It was “everyone against the utilities” in California earlier this month as the push to secure a new payment structure for community solar entered its final stretch, carrying the potential to make the state a sector leader while reducing energy poverty and climate emissions.
“A sprawling coalition” of solar industry groups, consumer advocates, environmental justice organizations, labour unions, and the homebuilding industry has been urging the California Public Utilities Commission (CPUC)—the agency that regulates utility companies—to approve a new payment structure plan for community solar called the Net Value Billing Tariff (NVBT), reports Canary Media.
“As the state comes up on a September 26 deadline to apply for its share of US$7 billion in federal community solar grants, the coalition is pressing the CPUC to lock in the NVBT program—and not allow it to be derailed by arguments from utilities Pacific Gas & Electric, San Diego Gas & Electric and Southern California Edison,” the news story states. The utilities say community solar must be treated like larger-scale generators that have to follow different rules and are overseen by the federal government—not like rooftop solar, batteries, electric-vehicle chargers, and other distributed energy resources connected to the low-voltage distribution grid.
“On community solar, it’s everyone versus the utilities,” said Brandon Smithwood, senior director of policy at community solar developer Dimension Renewable Energy.
Should the CPUC rule in favour of the NVBT proposal, it would be a game-changer for community solar in California. Analysis shows the tariff could enable about eight gigawatts of community solar paired with batteries to be built in the state using existing grid infrastructure, progress that would move California into the company of heavy hitters like Colorado, Minnesota, and New York State.
“That’s far from the estimated 13 gigawatts of rooftop solar installed in California to date,” says Canary Media. “But it’s a big jump from the less than 600 megawatts of community solar developed in California so far under a panoply of programs.”
NVBT determines how people who participate in community solar projects get compensated for the energy they generate.
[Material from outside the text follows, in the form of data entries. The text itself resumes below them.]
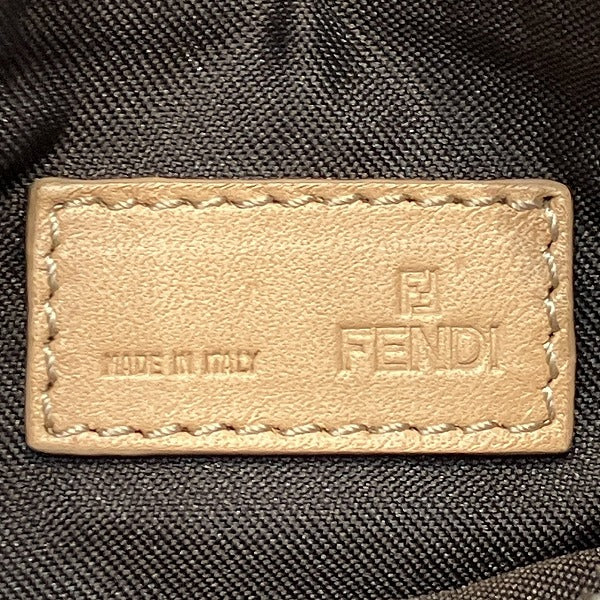 Fendi Zucchino Coin Case Unisex Wallet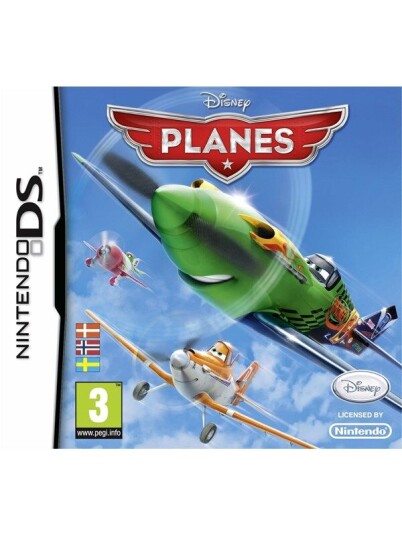 Planes: The Videogame (NDS) Planes: The Videogame (NDS)
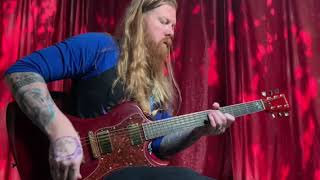 DEVILDRIVER - Nest Of Vipers (Solo Play-through)| Napalm Records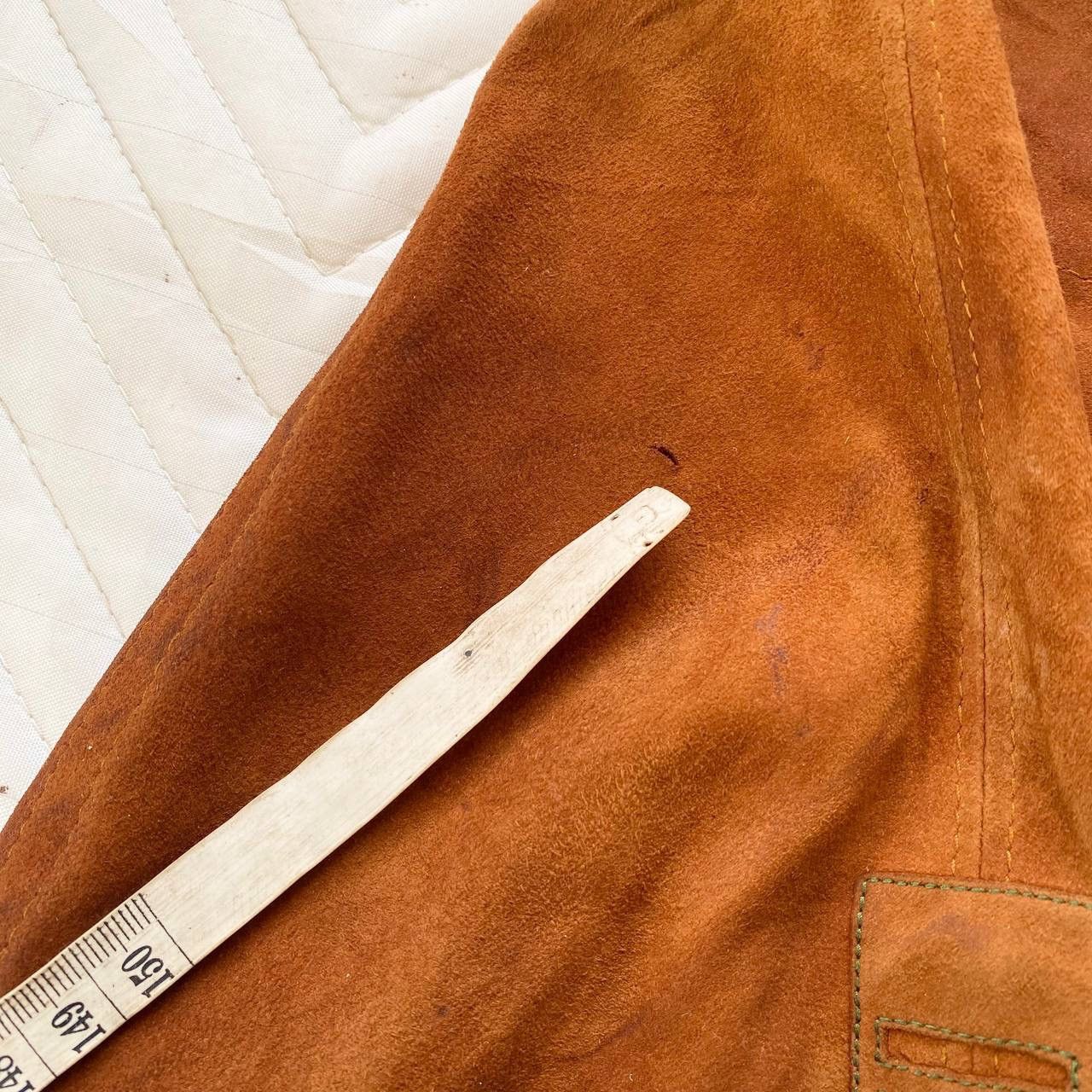Iceberg Vintage 80s Iceberg Lambskin Casual Jacket Size US XL / EU 56 / 4 - 9 Thumbnail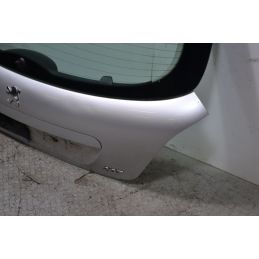 Portellone Bagagliaio Posteriore Peugeot 207 dal 2006 al 2015 Cod 8701CS  1701423762870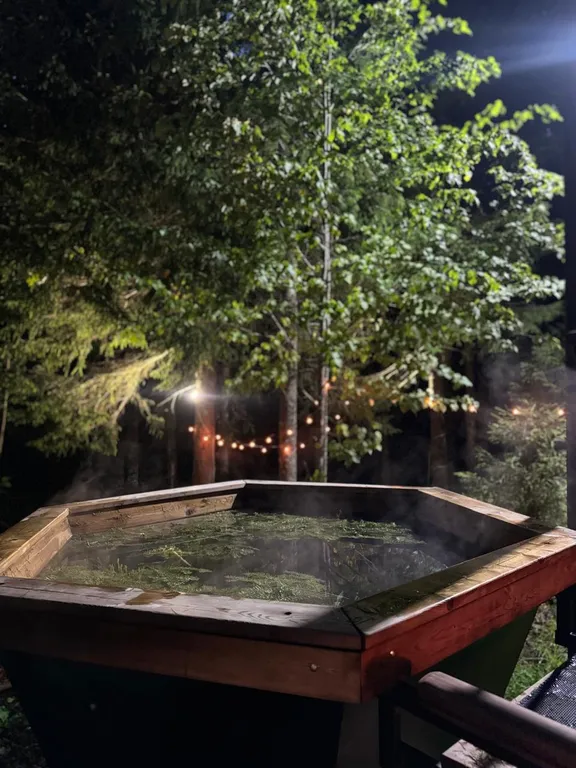 Загородный комплекс в Карелии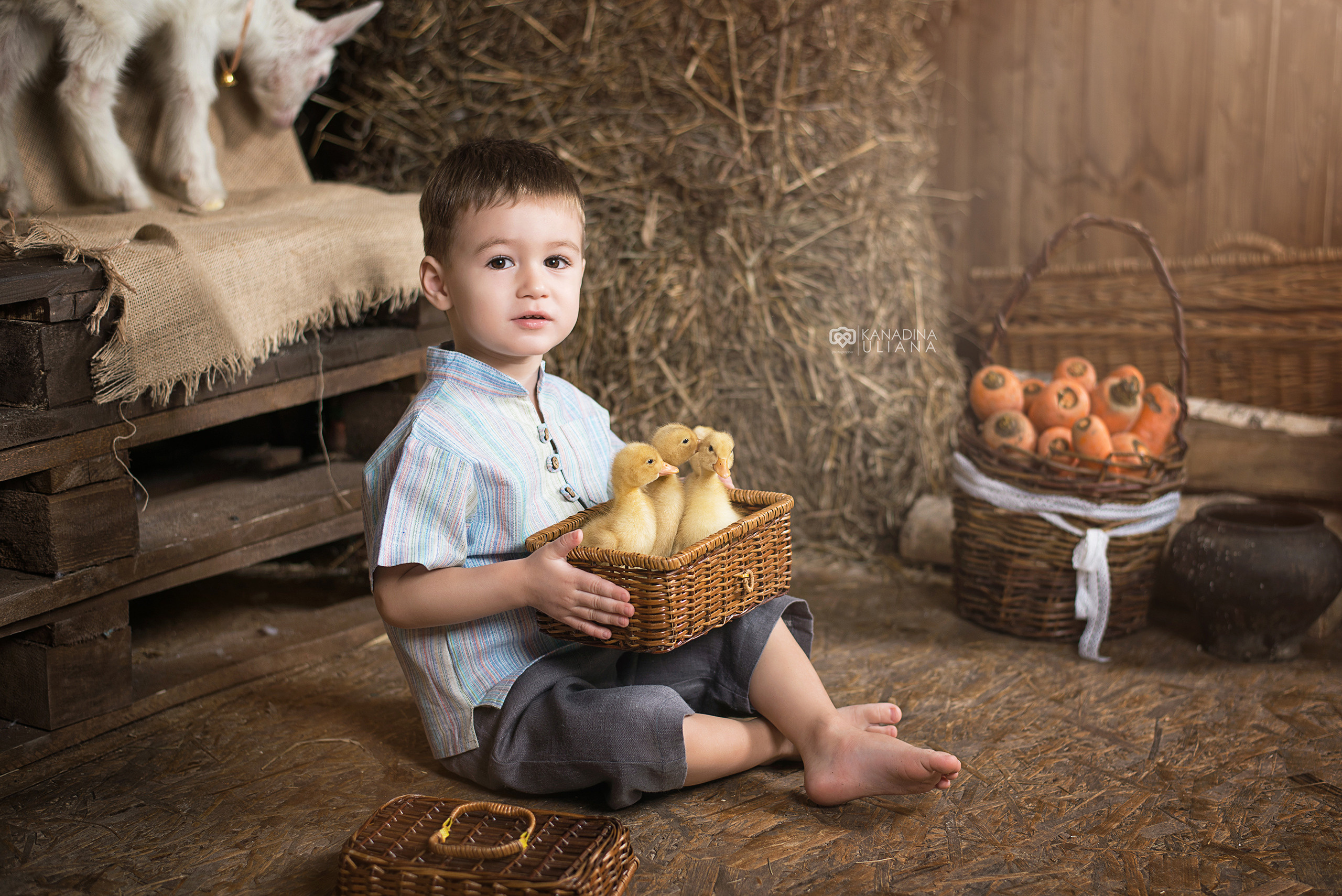 Семьи/дети. Профессиональный фотограф в Москве, Н.Новгороде Канадина Ульяна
Instead of a fixed payment, NVBT ties compensation to factors like how much a project helps the grid during times of high demand or stress.
Another important feature is that NVBT puts no caps on how much capacity can be built, opting instead for “an open-ended set of rules for how much money project developers can expect to make over the coming decade.” Such regulatory flexibility is intended to appeal to potential developers and financiers of community solar who might otherwise be reluctant to sign up for a long haul.
The tariff is also purpose-built to respond to CPUC’s “broader push” to ensure all new solar comes equipped with batteries “to help the state balance an increasingly solar-saturated grid.”
“I’ve joked we should call it community storage plus solar,” Smithwood said, flipping the emphasis from solar to batteries.
Environmental justice advocates are strong backers of NVBT because it would “open up the benefits of solar—namely cheaper, cleaner power—to Californians who can’t install solar panels on the roofs of their homes,” either because they can’t afford the panels or because they are renters with no control over landlords’ decisions. Such households could subscribe to a share of a project’s energy output and use the revenue to offset their utility bills.
NVBT could also spell the end for polluting and expensive fossil-fuelled “peaker plants” that California still relies on to stabilize its grid—and which are “predominantly located in lower-income areas and communities of colour.”
NVBT-supported community solar will also help California meet the CPUC’s order that state utilities and community energy providers together procure “a massive 85 gigawatts of new clean energy capacity by 2035, more than double the generation capacity on its grid today,” Canary Media writes.
Due to bottlenecks in getting utility-scale solar, wind, and battery projects connected to the grid, utilities are already struggling to meet the CPUC’s 2026 target of 11.5 gigawatts. Community solar+storage projects are ideally positioned to help with this problem as they connect directly to lower-voltage distribution grids and can be sited anywhere, due to their small size.